Question for the court
Sywnson then sued Lowick Rose in respect of the deficient due diligence report. The question for the Court of Appeal was whether Sywnson could recover the full amount of the loan advanced to EMSL, notwithstanding the repayment. Rose J held at first instance that Sywnson could so recover. The Court of Appeal agreed, Longmore and Sales LJ in the majority, Davis LJ dissenting. With respect to the majority, I submit that Davis LJ’s dissenting decision was the correct one.
Basis for the majority judgments
The majority judgments of the Court of Appeal proceeded upon the basis that the key question was whether the repayment of the loan should be taken into account when assessing the damages. For this purpose, the court applied the principles of mitigation of loss (British Westinghouse Co Ltd v Underground) and collateral benefits (Parry v Cleaver) and held that, as the repayment did not arise in the ordinary course of Swynson’s business, because the funds had been made available to EMSL by Mr Hunt, the repayment was not to be taken into account.

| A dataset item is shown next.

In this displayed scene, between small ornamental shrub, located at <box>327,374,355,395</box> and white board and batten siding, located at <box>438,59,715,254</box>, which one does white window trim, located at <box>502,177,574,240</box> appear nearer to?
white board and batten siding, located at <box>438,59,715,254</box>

The correct starting point
In my opinion, to begin by considering questions of mitigation of loss and collateral benefit is really the wrong starting point. As Davis LJ correctly identified, the important, anterior question was whether Swynson had in fact suffered any loss following the repayment (see paragraph 31).
The essential fact was that EMSL, the counterparty to the loan, had itself made the repayment; Swynson had not received a gratuitous or benevolent payment direct from a third party. The repayment discharged the loan agreement and extinguished any relevant loss or damage suffered.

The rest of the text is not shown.